** Supplied material follows **

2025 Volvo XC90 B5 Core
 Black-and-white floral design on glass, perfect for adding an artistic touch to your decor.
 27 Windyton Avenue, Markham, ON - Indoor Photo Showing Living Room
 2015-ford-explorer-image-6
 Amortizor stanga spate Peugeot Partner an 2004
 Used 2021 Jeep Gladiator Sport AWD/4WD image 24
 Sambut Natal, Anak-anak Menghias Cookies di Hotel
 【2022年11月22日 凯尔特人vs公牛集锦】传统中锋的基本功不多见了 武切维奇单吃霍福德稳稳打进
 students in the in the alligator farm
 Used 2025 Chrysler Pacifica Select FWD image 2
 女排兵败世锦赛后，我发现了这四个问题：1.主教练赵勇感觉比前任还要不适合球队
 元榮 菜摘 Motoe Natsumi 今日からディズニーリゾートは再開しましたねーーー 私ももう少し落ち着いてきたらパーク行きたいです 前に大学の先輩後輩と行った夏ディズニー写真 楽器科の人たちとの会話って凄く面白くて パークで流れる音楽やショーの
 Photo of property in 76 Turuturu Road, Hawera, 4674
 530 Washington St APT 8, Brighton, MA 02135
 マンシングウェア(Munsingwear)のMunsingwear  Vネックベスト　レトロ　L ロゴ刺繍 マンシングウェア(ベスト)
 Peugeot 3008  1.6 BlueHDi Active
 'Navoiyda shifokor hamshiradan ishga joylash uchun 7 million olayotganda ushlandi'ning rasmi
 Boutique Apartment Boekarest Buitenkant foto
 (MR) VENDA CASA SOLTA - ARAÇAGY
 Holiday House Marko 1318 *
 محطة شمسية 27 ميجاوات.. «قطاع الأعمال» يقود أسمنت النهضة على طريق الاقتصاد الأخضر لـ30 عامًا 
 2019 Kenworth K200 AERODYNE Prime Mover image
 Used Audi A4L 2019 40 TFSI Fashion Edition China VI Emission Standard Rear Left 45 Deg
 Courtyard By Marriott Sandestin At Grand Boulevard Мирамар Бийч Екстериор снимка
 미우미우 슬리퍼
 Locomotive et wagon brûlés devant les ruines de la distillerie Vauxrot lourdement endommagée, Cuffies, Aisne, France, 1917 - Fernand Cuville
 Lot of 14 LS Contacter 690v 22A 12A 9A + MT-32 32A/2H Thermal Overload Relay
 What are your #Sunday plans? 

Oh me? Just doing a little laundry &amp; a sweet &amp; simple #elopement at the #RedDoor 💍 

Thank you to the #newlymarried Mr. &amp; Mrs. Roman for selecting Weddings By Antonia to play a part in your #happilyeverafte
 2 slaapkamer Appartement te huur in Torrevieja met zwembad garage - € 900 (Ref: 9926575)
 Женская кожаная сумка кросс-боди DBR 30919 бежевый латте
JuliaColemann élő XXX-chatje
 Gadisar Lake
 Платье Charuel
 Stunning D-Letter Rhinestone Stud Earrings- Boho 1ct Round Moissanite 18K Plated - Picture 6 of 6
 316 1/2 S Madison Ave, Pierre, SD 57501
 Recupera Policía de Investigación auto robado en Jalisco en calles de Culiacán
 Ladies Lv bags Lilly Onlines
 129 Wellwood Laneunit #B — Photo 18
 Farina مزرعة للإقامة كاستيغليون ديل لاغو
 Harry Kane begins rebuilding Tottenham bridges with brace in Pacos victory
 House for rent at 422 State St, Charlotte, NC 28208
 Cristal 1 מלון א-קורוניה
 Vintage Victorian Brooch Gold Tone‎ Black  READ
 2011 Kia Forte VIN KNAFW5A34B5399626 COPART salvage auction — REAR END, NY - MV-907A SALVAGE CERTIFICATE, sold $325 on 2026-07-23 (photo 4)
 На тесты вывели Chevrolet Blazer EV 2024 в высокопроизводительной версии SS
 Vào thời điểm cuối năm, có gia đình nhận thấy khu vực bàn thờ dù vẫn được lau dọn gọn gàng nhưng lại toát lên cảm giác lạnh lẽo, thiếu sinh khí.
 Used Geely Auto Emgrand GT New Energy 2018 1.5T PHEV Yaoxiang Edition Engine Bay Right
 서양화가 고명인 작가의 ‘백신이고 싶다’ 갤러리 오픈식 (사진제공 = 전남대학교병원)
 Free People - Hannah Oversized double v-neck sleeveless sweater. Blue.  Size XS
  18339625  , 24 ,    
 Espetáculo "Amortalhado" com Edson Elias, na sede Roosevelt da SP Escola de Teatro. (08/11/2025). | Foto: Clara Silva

** End of Supplied material **

## What to do
Retype every record above exactly as it stands.

## Result for this task
2025 Volvo XC90 B5 Core
 Black-and-white floral design on glass, perfect for adding an artistic touch to your decor.
 27 Windyton Avenue, Markham, ON - Indoor Photo Showing Living Room
 2015-ford-explorer-image-6
 Amortizor stanga spate Peugeot Partner an 2004
 Used 2021 Jeep Gladiator Sport AWD/4WD image 24
 Sambut Natal, Anak-anak Menghias Cookies di Hotel
 【2022年11月22日 凯尔特人vs公牛集锦】传统中锋的基本功不多见了 武切维奇单吃霍福德稳稳打进
 students in the in the alligator farm
 Used 2025 Chrysler Pacifica Select FWD image 2
 女排兵败世锦赛后，我发现了这四个问题：1.主教练赵勇感觉比前任还要不适合球队
 元榮 菜摘 Motoe Natsumi 今日からディズニーリゾートは再開しましたねーーー 私ももう少し落ち着いてきたらパーク行きたいです 前に大学の先輩後輩と行った夏ディズニー写真 楽器科の人たちとの会話って凄く面白くて パークで流れる音楽やショーの
 Photo of property in 76 Turuturu Road, Hawera, 4674
 530 Washington St APT 8, Brighton, MA 02135
 マンシングウェア(Munsingwear)のMunsingwear  Vネックベスト　レトロ　L ロゴ刺繍 マンシングウェア(ベスト)
 Peugeot 3008  1.6 BlueHDi Active
 'Navoiyda shifokor hamshiradan ishga joylash uchun 7 million olayotganda ushlandi'ning rasmi
 Boutique Apartment Boekarest Buitenkant foto
 (MR) VENDA CASA SOLTA - ARAÇAGY
 Holiday House Marko 1318 *
 محطة شمسية 27 ميجاوات.. «قطاع الأعمال» يقود أسمنت النهضة على طريق الاقتصاد الأخضر لـ30 عامًا 
 2019 Kenworth K200 AERODYNE Prime Mover image
 Used Audi A4L 2019 40 TFSI Fashion Edition China VI Emission Standard Rear Left 45 Deg
 Courtyard By Marriott Sandestin At Grand Boulevard Мирамар Бийч Екстериор снимка
 미우미우 슬리퍼
 Locomotive et wagon brûlés devant les ruines de la distillerie Vauxrot lourdement endommagée, Cuffies, Aisne, France, 1917 - Fernand Cuville
 Lot of 14 LS Contacter 690v 22A 12A 9A + MT-32 32A/2H Thermal Overload Relay
 What are your #Sunday plans? 

Oh me? Just doing a little laundry &amp; a sweet &amp; simple #elopement at the #RedDoor 💍 

Thank you to the #newlymarried Mr. &amp; Mrs. Roman for selecting Weddings By Antonia to play a part in your #happilyeverafte
 2 slaapkamer Appartement te huur in Torrevieja met zwembad garage - € 900 (Ref: 9926575)
 Женская кожаная сумка кросс-боди DBR 30919 бежевый латте
JuliaColemann élő XXX-chatje
 Gadisar Lake
 Платье Charuel
 Stunning D-Letter Rhinestone Stud Earrings- Boho 1ct Round Moissanite 18K Plated - Picture 6 of 6
 316 1/2 S Madison Ave, Pierre, SD 57501
 Recupera Policía de Investigación auto robado en Jalisco en calles de Culiacán
 Ladies Lv bags Lilly Onlines
 129 Wellwood Laneunit #B — Photo 18
 Farina مزرعة للإقامة كاستيغليون ديل لاغو
 Harry Kane begins rebuilding Tottenham bridges with brace in Pacos victory
 House for rent at 422 State St, Charlotte, NC 28208
 Cristal 1 מלון א-קורוניה
 Vintage Victorian Brooch Gold Tone‎ Black  READ
 2011 Kia Forte VIN KNAFW5A34B5399626 COPART salvage auction — REAR END, NY - MV-907A SALVAGE CERTIFICATE, sold $325 on 2026-07-23 (photo 4)
 На тесты вывели Chevrolet Blazer EV 2024 в высокопроизводительной версии SS
 Vào thời điểm cuối năm, có gia đình nhận thấy khu vực bàn thờ dù vẫn được lau dọn gọn gàng nhưng lại toát lên cảm giác lạnh lẽo, thiếu sinh khí.
 Used Geely Auto Emgrand GT New Energy 2018 1.5T PHEV Yaoxiang Edition Engine Bay Right
 서양화가 고명인 작가의 ‘백신이고 싶다’ 갤러리 오픈식 (사진제공 = 전남대학교병원)
 Free People - Hannah Oversized double v-neck sleeveless sweater. Blue.  Size XS
  18339625  , 24 ,    
 Espetáculo "Amortalhado" com Edson Elias, na sede Roosevelt da SP Escola de Teatro. (08/11/2025). | Foto: Clara Silva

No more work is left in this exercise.